El polvo lunar, al que se conoce como regolito, está compuesto de distintos basaltos triturados, es extremadamente abrasivo y, además, está cargado electrostáticamente por acción de la radiación sobre la superficie de la luna.

Un dato sorprendente: el polvo lunar que levantaron los “rovers” de las misiones Apolo sigue estando al día de hoy en suspensión y puede permanecer en ese estado 200 años. El regolito es fino como harina pero abrasivo como el papel de lija, respirarlo es peligroso como informaron en su día los astronautas.

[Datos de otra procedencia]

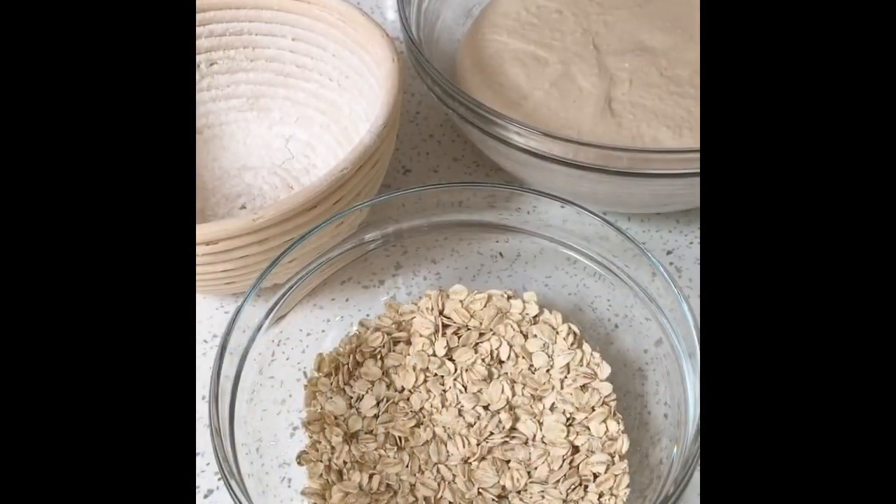To create an oat crust on your loaf — this is a small loaf, hence I've got a small banneton — and I've got some nice thick raw oats in a bowl in preparation.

Un panel de nueve expertos en medicina aeroespacial, bioética y salud reproductiva, ha subrayado que carecemos de estándares industriales para gestionar los posibles riesgos de la “paternidad espacial”. Se han identificado tres “jinetes del apocalipsis” para la fertilidad humana fuera de la tierra. En primer lugar la radiación cósmica, capaz de destruir el ADN. Seguida de la falta de gravedad y la disrupción circadiana que provocan un auténtico caos hormonal,

Muchos inconvenientes han sido descritos. He seleccionado algunos, que entrañan mucha investigación, para cumplir el deseo de establecerse en la superficie lunar.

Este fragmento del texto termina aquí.